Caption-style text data

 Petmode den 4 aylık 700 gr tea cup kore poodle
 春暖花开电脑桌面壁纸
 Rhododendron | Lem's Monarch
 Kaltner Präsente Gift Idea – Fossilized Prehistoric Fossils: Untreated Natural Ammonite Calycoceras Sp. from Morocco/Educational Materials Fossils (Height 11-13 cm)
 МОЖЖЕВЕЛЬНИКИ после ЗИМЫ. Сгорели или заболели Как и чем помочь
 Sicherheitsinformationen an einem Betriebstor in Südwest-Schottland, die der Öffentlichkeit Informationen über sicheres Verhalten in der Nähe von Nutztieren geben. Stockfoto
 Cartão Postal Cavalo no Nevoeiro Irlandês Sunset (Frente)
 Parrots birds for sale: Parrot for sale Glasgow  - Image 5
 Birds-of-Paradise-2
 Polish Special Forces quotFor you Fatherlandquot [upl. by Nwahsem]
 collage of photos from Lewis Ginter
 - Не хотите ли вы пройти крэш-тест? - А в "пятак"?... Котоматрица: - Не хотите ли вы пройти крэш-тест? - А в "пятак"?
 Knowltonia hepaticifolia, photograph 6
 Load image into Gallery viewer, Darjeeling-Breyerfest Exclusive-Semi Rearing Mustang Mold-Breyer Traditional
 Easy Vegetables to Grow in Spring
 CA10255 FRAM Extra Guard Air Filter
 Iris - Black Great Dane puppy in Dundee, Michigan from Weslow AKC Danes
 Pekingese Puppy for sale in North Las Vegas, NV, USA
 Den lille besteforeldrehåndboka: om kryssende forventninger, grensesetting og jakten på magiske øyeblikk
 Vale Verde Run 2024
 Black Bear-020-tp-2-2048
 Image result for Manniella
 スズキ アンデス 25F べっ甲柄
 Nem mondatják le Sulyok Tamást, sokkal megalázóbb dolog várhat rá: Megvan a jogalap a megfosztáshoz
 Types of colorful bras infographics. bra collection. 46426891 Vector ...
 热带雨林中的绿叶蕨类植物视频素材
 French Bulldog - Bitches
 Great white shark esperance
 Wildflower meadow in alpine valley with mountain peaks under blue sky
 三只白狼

Exercise
Taking the records above as input, show every line in which the word "from" is present.

Expected answer
 Kaltner Präsente Gift Idea – Fossilized Prehistoric Fossils: Untreated Natural Ammonite Calycoceras Sp. from Morocco/Educational Materials Fossils (Height 11-13 cm)
 collage of photos from Lewis Ginter
 Iris - Black Great Dane puppy in Dundee, Michigan from Weslow AKC Danes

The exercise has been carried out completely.